Membre de la commission interministérielle de la réforme de l’ETFP, Gabriel Kayembe Milolo, est intervenu lors des débats, pour mettre un accent particulier sur les trois préalables intervenant dans la valorisation de la carrière enseignante, à savoir la mission de formation des cadres revenant à l’enseignement supérieur et universitaire pour la production des enseignants qualifiés dans divers métiers. Cette formation doit intéresser également les gestionnaires des écoles et des programmes qui doivent opérer des recrutements des enseignants valables, qualifiés et bien formés pour éviter la présence regrettable et nombreuse des enseignants sous-qualifiés, bouche-trous ou amateurs.

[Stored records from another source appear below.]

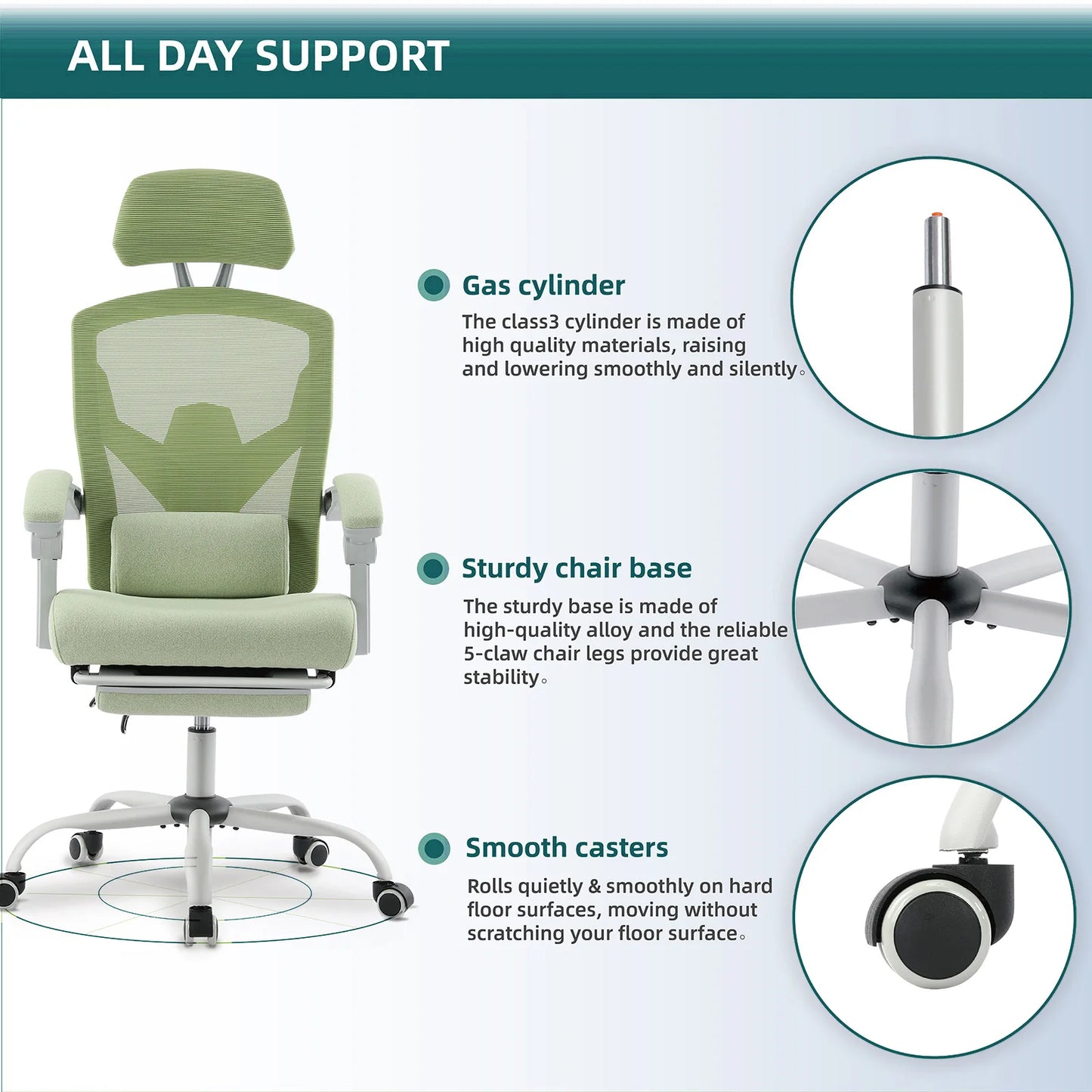 Ergonomic High Back Mesh Gaming Chair with Lumbar Support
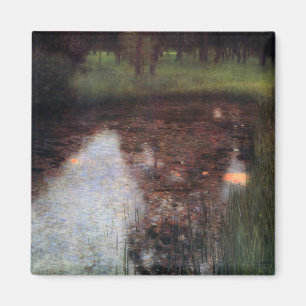 Calm Pond auf Kammerburg, Gustav Klimt Magnet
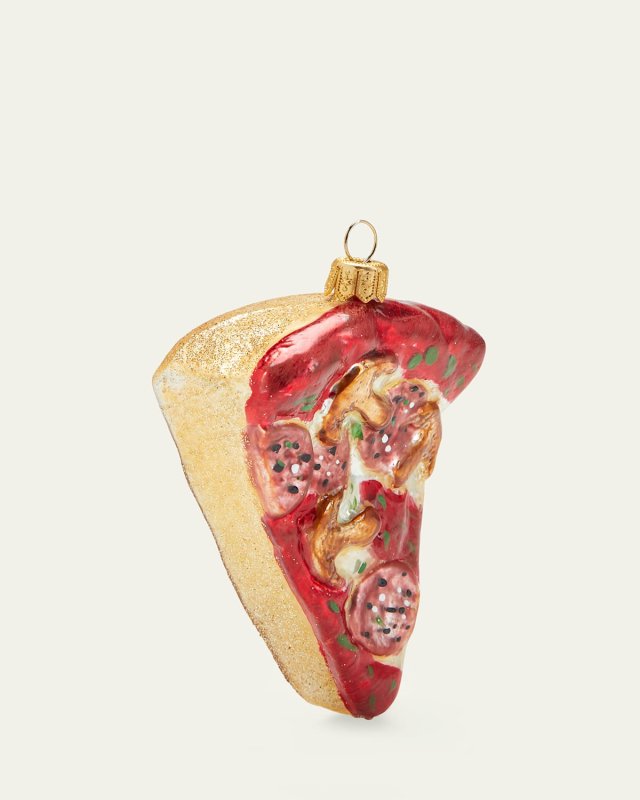 Pizza Slice Christmas Ornament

Les enseignants eux-mêmes doivent suivre une formation permanente tout au long de leur carrière, a recommandé Gabriel Kayembe Milolo, avant d’ajouter que c’est pour conserver les acquis professionnels et consolider leurs compétences requises pour la formation professionnelle des apprenants.

A l’issue de cette réflexion, quelques enseignants ont indiqué avoir pris conscience des exigences de la réforme de l’ETFP en ce qu’elle privilégie l’adéquation formation-emploi et impose aux enseignants de se remettre toujours en cause pour innover et trouver des solutions qui se poseront à chaque étape de la formation dispensée aux apprenants.

J.R.T.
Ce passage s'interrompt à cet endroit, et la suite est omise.